Sales will end when stocks run out — news that could trigger a rush by camera buffs to snap up the remaining ones.
Experts believe the days of conventional film cameras are now numbered.
“Only film camera maniacs and a limited number of professionals will buy film cameras now,” said Kouichi Fujimoto, an analyst at Okasan Securities.
The F6, Nikon’s top-of-the-line professional camera, will continue to be produced for the time being along with the FM10, an entry-level model.
“As the market for film cameras has been shrinking, we would like to spend financial resources on the digital camera market,” a Nikon spokeswoman said.
The decision reflects a wider shift away from film to digital cameras, which have won over consumers by eliminating the need for rolls of film and allowing users to view images immediately and delete unwanted ones.
“The trend of shifting to digital cameras is a common phenomenon in the world camera market although the trend is led by Japan,” analyst Fujimoto said.
“Most of the camera market in Japan is taken by digital cameras so it is natural to expect that other camera makers might take the same decision to withdraw from film cameras,” he added.
According to Japan’s Camera and Imaging Products Association, shipments of film cameras here in November stood at just 457,819 units — far below the 7.72 million figure for digital cameras.
Nikon, along with Japanese rival Canon, is increasingly focusing on high-end digital SLR cameras which are more profitable than cheaper digital compacts where competition is fierce.
Nikon made a record net profit of 9.37 billion yen (82 million dollars) in the six months to September on sales of 342.85 billion.
The company aims to boost global sales of its SLR digital cameras to 1.6 million in the year to March 2006 from 1.05 million in the previous year.
While Nikon and Canon are enjoying robust sales of their digital cameras, other Japanese rivals are faring less well.

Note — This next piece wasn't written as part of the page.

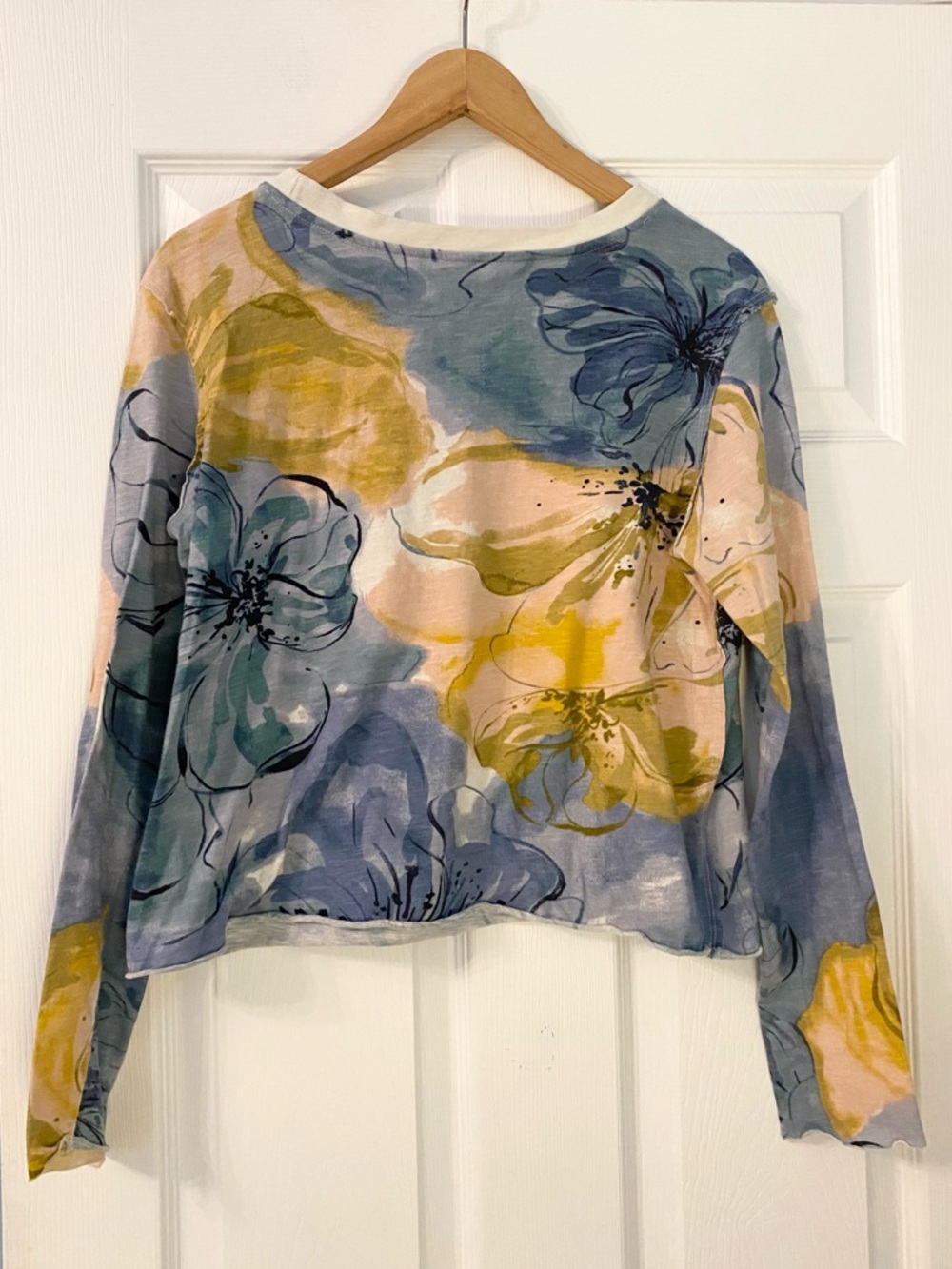 Maeve Floral Watercolor Long-Sleeve Top in Blue & Light Pink - Picture 4 of 6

Konica Minolta slumped into loss in the first-half as sales of conventional photo film fell and a price war in digital cameras intensified, while Olympus saw a sharp decline in net profit.
US film and photography giant Eastman Kodak, one of the best-known global brand names, also failed to adapt to the digital age quickly enough and has long struggled to catch up with competitors.
The shift from analogue to digital is taking the heaviest toll on those manufacturers that also produce camera film.
“It must be an annoying problem for companies such as Fuji Photo Film and Konica Minolta on whether to stop producing film cameras,” said Fujimoto.